19.BÖLÜM

2.9K 358 105
                                    

"Ona bir şey olursa seni öldürürüm, anladın mı?!"

Hoseok'un sesi çok uzaklardan geliyordu.

"Onu vuran sensin."

Gözlerimi açmaya çalıştım. Kendimde olmadığımı biliyordum. Bacağımda büyük bir acı vardı ve sesler boğuk boğuktu.

"Bu yumruk onun için. Ona şu zamana kadar yaşattıkların için!"

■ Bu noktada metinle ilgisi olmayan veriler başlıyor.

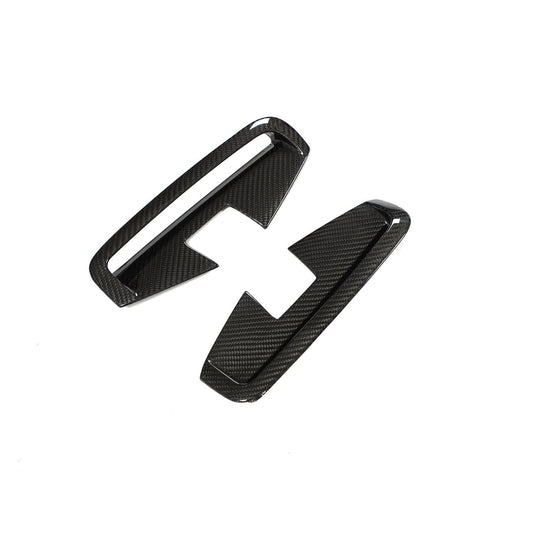 BMW 4 Series G22/G23 2020–2025 Carbon Fibre Side Vents (Air Extractors) for M Sport – Side Gills, Fender/Wing Outlet Trim, M Performance Style Gloss Carbon Side Grille Covers for Coupé & Cabriolet (Pair)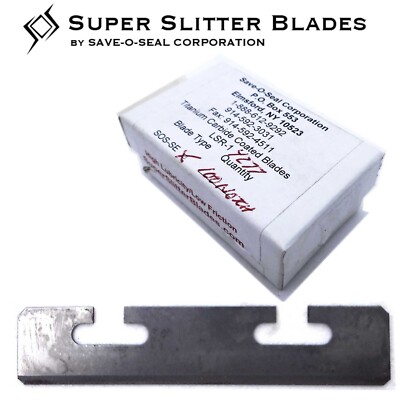 Save-O-Seal Titanium Coated Carbide Injector Blades SOS-SE Notched LSR-1 (100pk)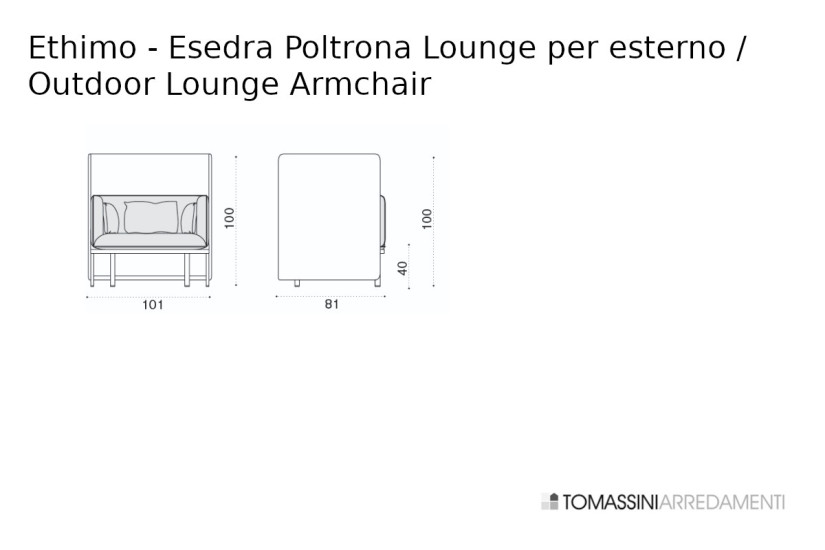 Fauteuil lounge d'extérieur Esedra Ethimo - 5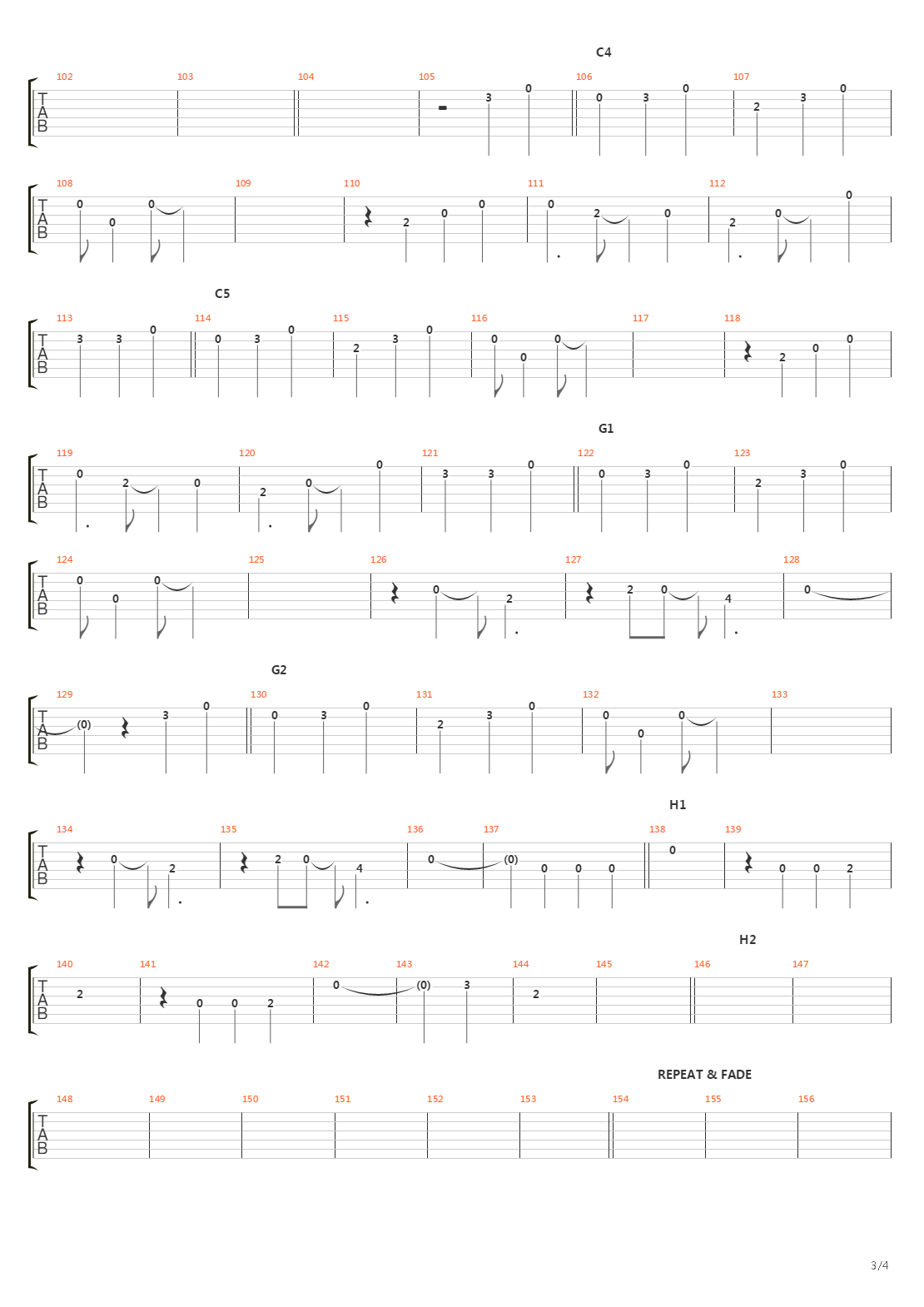 Wall吉他谱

Hoseok'un nefret dolu sesinden sonra uzun bir süre bir şey duymadım. Birinin beni taşıdığını hissettiğimde zorla açtım gözlerimi. Hoseok'u gördüğümde ağladığını fark ettim. Gözlerimi açtığımı fark ettiğinde dizlerinin üstüne çöktü. Titreyerek ağladığında kucağında olduğum için bacağım çok acımıştı ama ona belli etmek istemedim.

"Özür dilerim."

Gözlerim tekrar kapanırken duyduğum son cümle buydu.

"Ben özür dilerim."

Sonra dünyam karardı.

***

Bacağıma saplanan büyük bir acıyla açtım gözlerimi. Ne zamandır böyle olduğumu bilmiyordum. Gözlerim acıyordu. Sanki hiç uyumamış gibiydim.

Etrafıma bakındım. Hoseok'un peşine takıldığımdan beri uyuduğum odadaydım.

Gözlerimden bir yaş düşerken bacağına baktım. Sargının üstünde parmaklarımı gezdirdim. Bu his o kadar değişikti ki...

Bağırıp ağlamak istiyorsunuz. Onu dövmek, tokatlamak ve defalarca küfür etmek...

Ama onu hala çok seviyorsunuz.

Kapım açıldığında hızla sildim göz yaşlarımı. Hoseok içeri girip uyanık olduğumu gördüğünde gözleri doldu. Onu ifadesiz gözlerle izlerken o yanıma geldi.

"Uyanmışsın." dedikten sonra hafifçe gülümsedi.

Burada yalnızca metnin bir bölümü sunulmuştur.